Thu, 10 Apr 08

Exporting query results to a remote machine with MySql (an alternative to SELECT INTO OUTFILE)

Exporting query results to a remote machine with MySql (an alternative to SELECT INTO OUTFILE)

MySql’s SELECT INTO OUTFILE syntax provides a nice way to export the results of a query into a tab delimited (by default) text file. Unfortunately, the file has to be created on the MySql host (by a user with file permissions), rendering it unsuitable for dumping the data to a remote machine. If you wish to dump the query results to a different machine then the mysql docs suggest redirecting the output from the mysql command line client:

The SELECTINTO OUTFILE statement is intended primarily to let you very quickly dump a table to a text file on the server machine.
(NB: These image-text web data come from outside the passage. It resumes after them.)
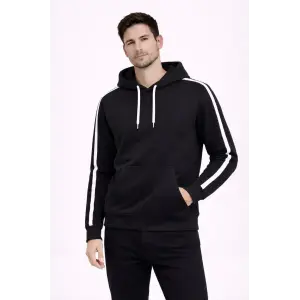 Erkek Şeritli Kapüşonlu Sweatshirt Oversize 3 iplik Pamuklu Hoodei - Siyah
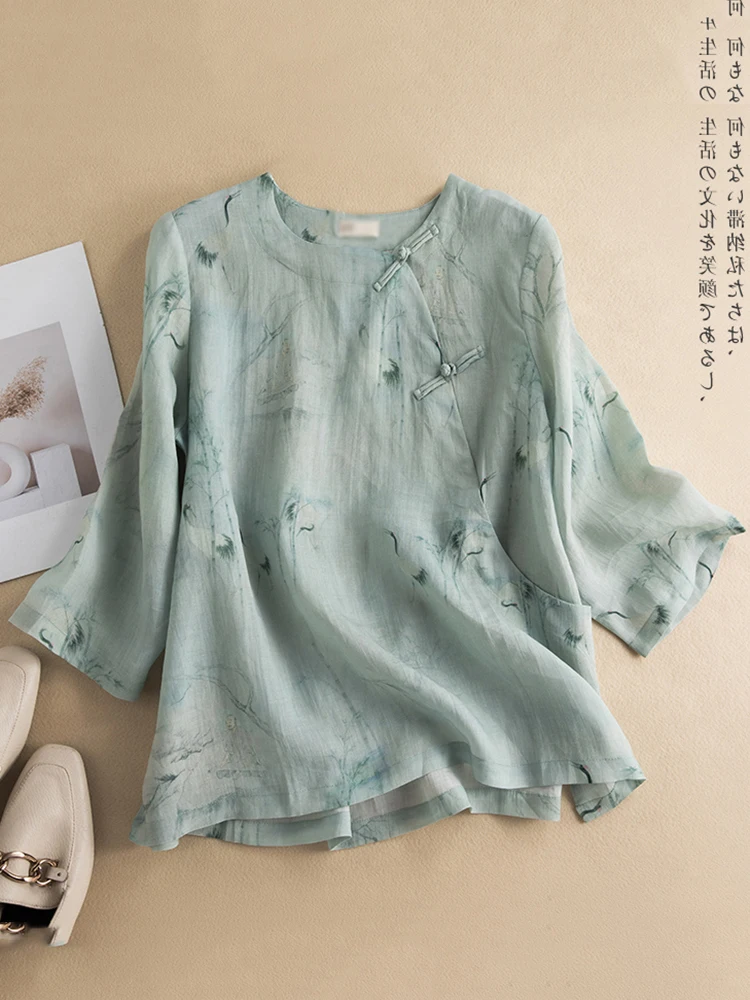 Camicetta da donna di grandi dimensioni in cotone e lino retrò cinese con bottoni e stampa, vestibilità ampia, per la mamma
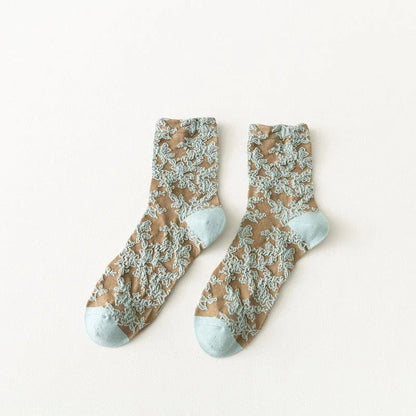 Chaussettes pour femmes avec motif décoratif - marron / universel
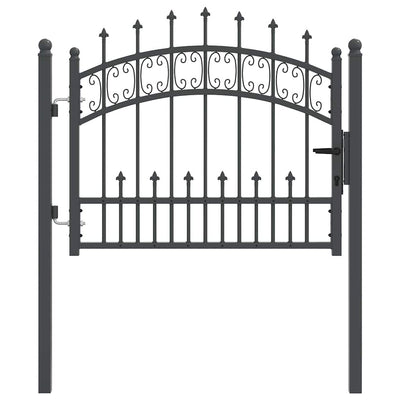 Puerta de valla VidaXL con lanza en la parte superior con cerradura gris 103 x 75 cm acero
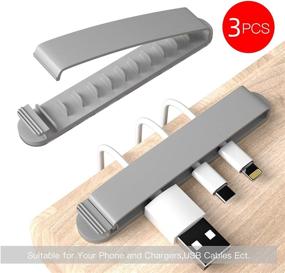 img 3 attached to 🔌 PZOZ Cable Clips: 3-Pack Gray Cord Organizers for Home, Office, and Car Cable Management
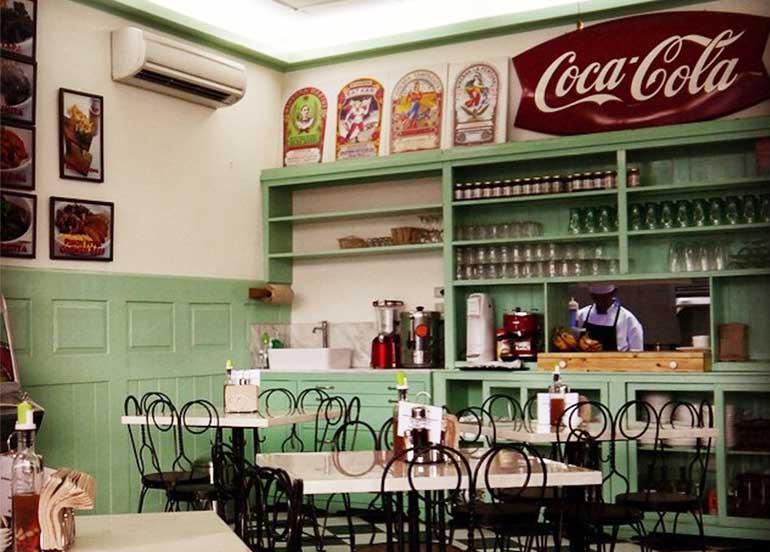 Dining Area and Interiors of Downtown Cafe 1956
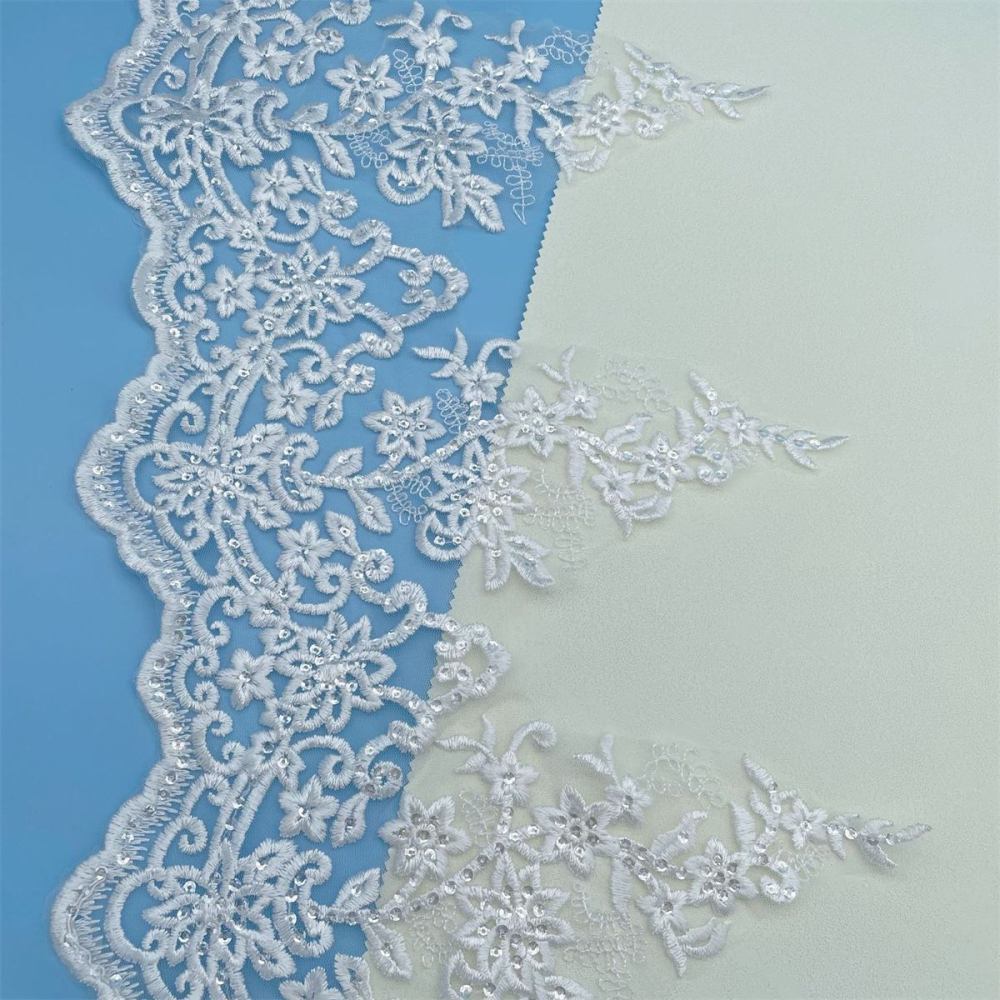 Bridal Lace Trim - Embroidered Sequin Wedding Lace Trim | GTIN XC052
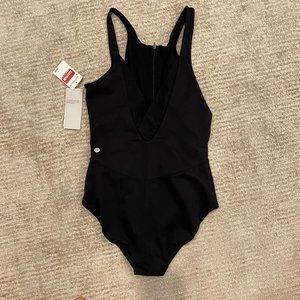 NWT Zella Black V-Neck Bodysuit Sz M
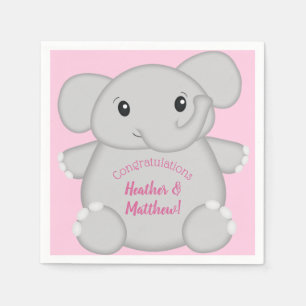 Pink Elephant Baby Shower Napkin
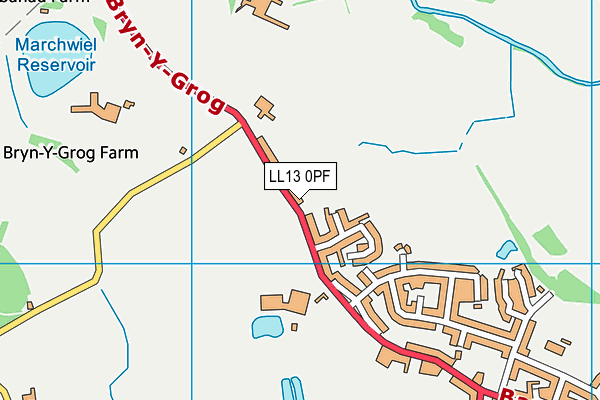 LL13 0PF map - OS VectorMap District (Ordnance Survey)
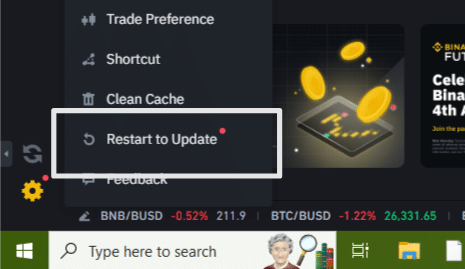 Update the Binance app to fix Binance notifications or price alerts not working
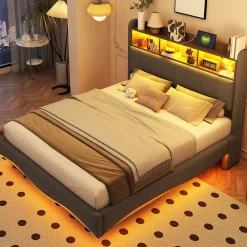 Okwish Lit Double 140x200 cm capitonné avec LED et Ports USB/Type-C, Coffre Intégré, Tissu Gris, Sans Matelas* Lit Double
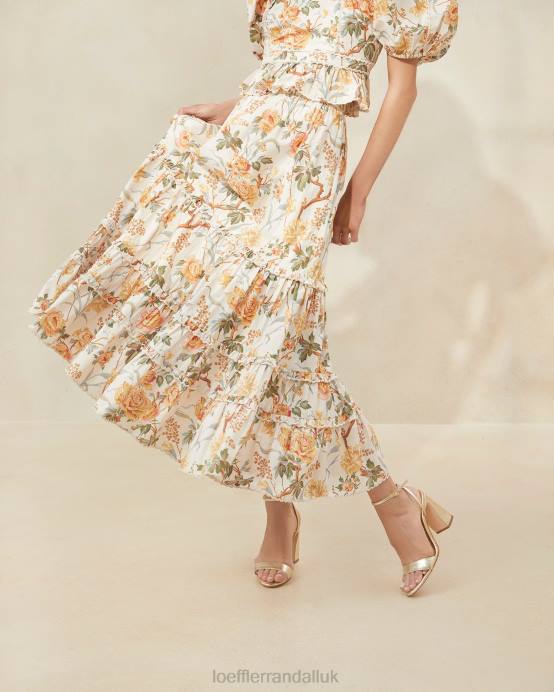 Clothes X82V224 Cream Botanical Floral Women Loeffler Randall Ellie Scalloped Midi Skirt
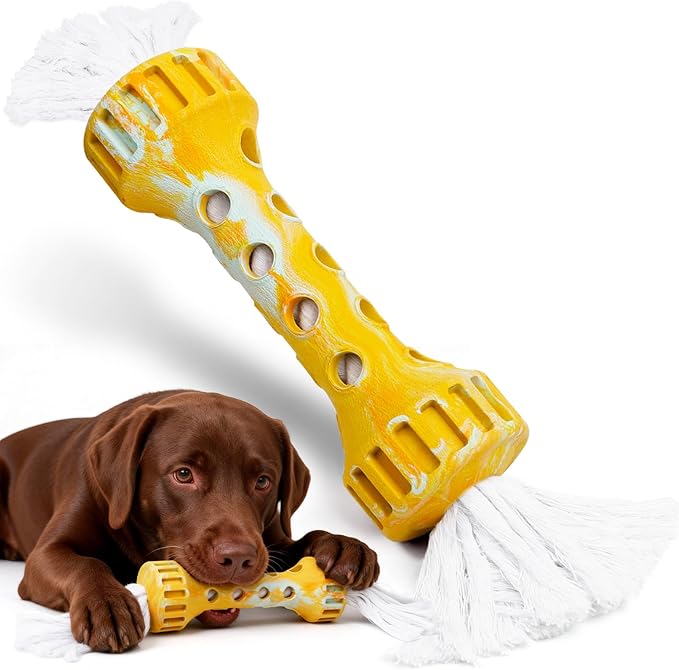 KGPERGU Durable Rubber with Pure Cotton Tassels for Medium and Large Breeds, Indoor Dog Chew Toy for Boredom Buster, Outdoor Fetch and Chase Toy for Excess Energy Relief, Cream Flavor, Yellow/White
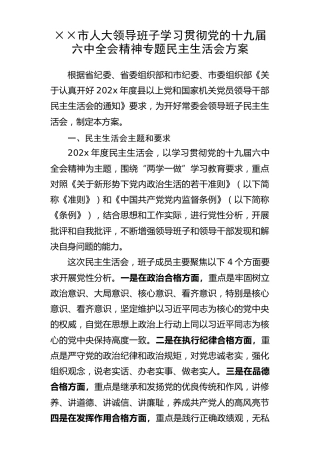 市人大领导班子学习贯彻党的十九届六中全会精神专题民主生活会方案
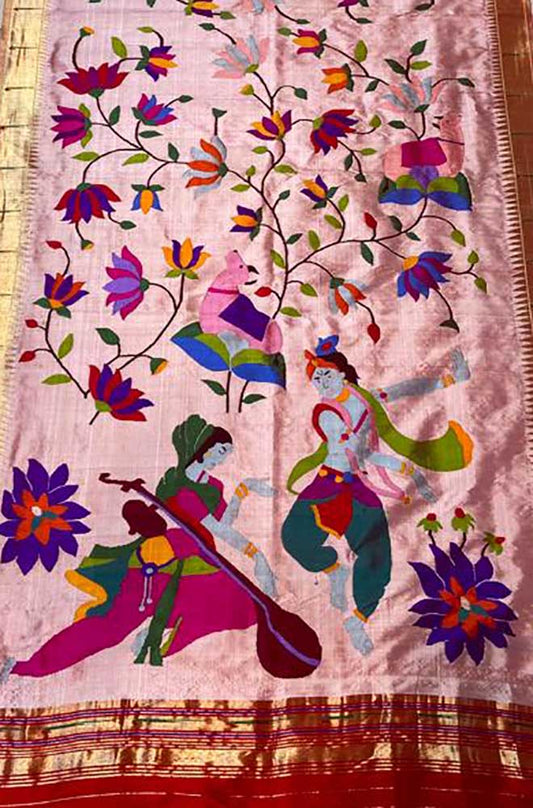 Pink Handloom Brocade Paithani Pure Silk Muniya Border Figure Work Dupatta - Luxurion World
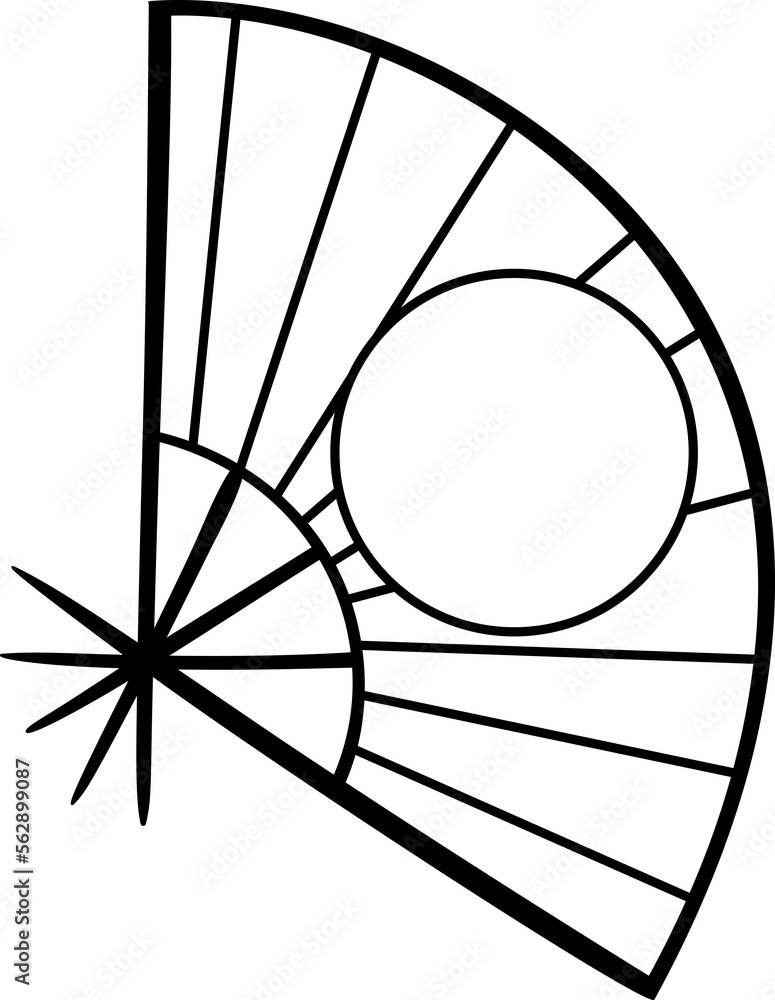 Japanese traditional fan doodle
If you want to create the resulting file on some client host other than the server host, you cannot use SELECTINTO OUTFILE. In that case, you should instead use a command such as mysql -e “SELECT …” > file_name to generate the file on the client host.

This works great but the default output you’ll get from redirecting STDOUT won’t be the same as using SELECT INTO OUTFILE. The two main (only?) differences are, in the redirected output, the addition of the headers and that NULL values are output as NULL instead of the special \N (backslash-N) sequence. We can fix both of these things by specifying an optional switch (skip-column-names) to the mysql client and employing some sed magic.

mysql -h"my-host" -u"my-user" -p"my-password" -e"select * from my-database.my-table" --skip-column-names |\
  sed -e 's/[[:<:]]NULL[[:>:]]/\\N/g' >\
  my-export-directory/my-table.csv`

That sed magic is replacing instances of NULL, surrounded by some whitespace, with the special \N escape sequence.

Oh, and it’s probably worth mentioning that this is only really important if you want to load this data back into mysql (using LOAD DATA INFILE for example). If you were to load the default output, from redirecting the mysql client, back into mysql then you’d end up with an unwanted header row and NULL strings (or 0 for numeric columns) where you expected actual NULL values.

It took us a while to figure this out so I thought it might be of some use to others.